The percentages and amounts might be okay-- I'll let someone more experienced weigh in on that. (groann.. raw-feeding pun! HELP! LOL)









Seriously, after 3 days, I would expect to possibly see some loose stools (just because it's a change in food-- no reason to panic and think "oh no, it's the runs!" it isn't.. it may happen due to a the change and WILL resolve soon







). Or, you may see constipation. This would mean-- too much bone. Grimm, for example, could not eat the percentages you suggested above.. he would get stopped up. For many other dogs, this would be fine, though! It's okay... each dog is different, and you adjust based on how happy the poops look.







Just give it a few days at the beginning withOUT adjustments, for the dog to settle in. (unless he is constipated.. then give less bone), remember it's a big new change.. there may be an adjustment period with some slightly loose stools.. or they may not!

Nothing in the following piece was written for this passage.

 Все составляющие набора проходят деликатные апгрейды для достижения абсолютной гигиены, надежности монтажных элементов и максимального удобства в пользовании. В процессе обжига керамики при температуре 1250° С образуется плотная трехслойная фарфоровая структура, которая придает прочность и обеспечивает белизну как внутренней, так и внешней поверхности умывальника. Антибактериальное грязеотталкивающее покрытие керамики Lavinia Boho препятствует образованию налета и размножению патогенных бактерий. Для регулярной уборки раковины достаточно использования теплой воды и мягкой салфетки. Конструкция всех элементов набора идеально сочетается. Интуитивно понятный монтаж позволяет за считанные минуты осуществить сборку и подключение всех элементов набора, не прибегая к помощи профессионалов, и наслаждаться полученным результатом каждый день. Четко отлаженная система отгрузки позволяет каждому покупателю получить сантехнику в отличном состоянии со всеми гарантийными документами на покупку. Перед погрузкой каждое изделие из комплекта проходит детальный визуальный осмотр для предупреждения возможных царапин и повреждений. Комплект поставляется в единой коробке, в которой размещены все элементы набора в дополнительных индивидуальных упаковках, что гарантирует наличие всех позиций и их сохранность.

You can do this!! Hoping someone chimes in with a check on the weights and percentages you suggested!


----------



## Maedchen (May 3, 2003)

_My guys pretty much only get veggies and fruits as treats and not as a staple. _

that goes for the yoghurt too. And mine absolutely never get any vinegar- yuck.


----------



## KCandMace (Apr 8, 2008)

We bought a scale over at Mobel Media. We just don't trust ourselves to eyeball it. lol
I also don't do ounces. The boys get 450 grams a meal. So just going off of todays morning meal, it was 4 chicken legs and the rest was a mix of ground turkey and hamburger to make 450g. 
Fruits and veggies are very rare as is the organ meat. 
My boys will be 1 in 8 days and weigh 80 lbs. They are also intact (don't plan on fixing that as there is nothing to fix) and are very active dogs. We do Schutzhund with them at 2 local dog clubs.


----------



## 3K9Mom (Jun 12, 2006)

> Quote:
> and do you all use a scale? or eyeball it?? thanks alot


I weigh every meal. I don't use measurements like a 1/2 cup or 1 cup either. It's always weight. A pound of lamb doesn't look like the same amount as a pound of ground meat, which doesn't look anything like a pound of turkey necks, which doesn't look like a pound of pork necks. 

Our eyeballs aren't capable of making fine distinctions. I once tried it (eyeballing what I thought was a pound or two pounds of food then weighing it), and I was off by as much as about 1/2 pounds. That's A LOT of food! 

If you're adding in extras like dairy or veggies, then it's even harder to measure by glancing at it. I have two scales. A regular kitchen scale that sits on my counter that's accessible and easy to use and a lightweight one that I toss into our baggage when we travel. My dogs don't eat a meal that isn't weighed.


----------



## mspiker03 (Dec 7, 2006)

I weigh each meal as well. That way, I know how to adjust their food if they are gaining/losing too much weight. When we travel - we *try* to pre bag everything so we don't have to bring the scale, but ours is pretty easy to travel with for those times when we run out of time packing!


----------



## 3K9Mom (Jun 12, 2006)

{of course, when I travel to San Diego, I won't need to bring my dogs' food or my scale, because the dogs be mooching meals at the Spikers, right?







}


----------



## mspiker03 (Dec 7, 2006)

You'll just have to warn me so I can stock up - Camper eats the same amount as my TWO put together! Oh, and if you could bring along some bison burgers for mine to try...we can swap bison for emu!


----------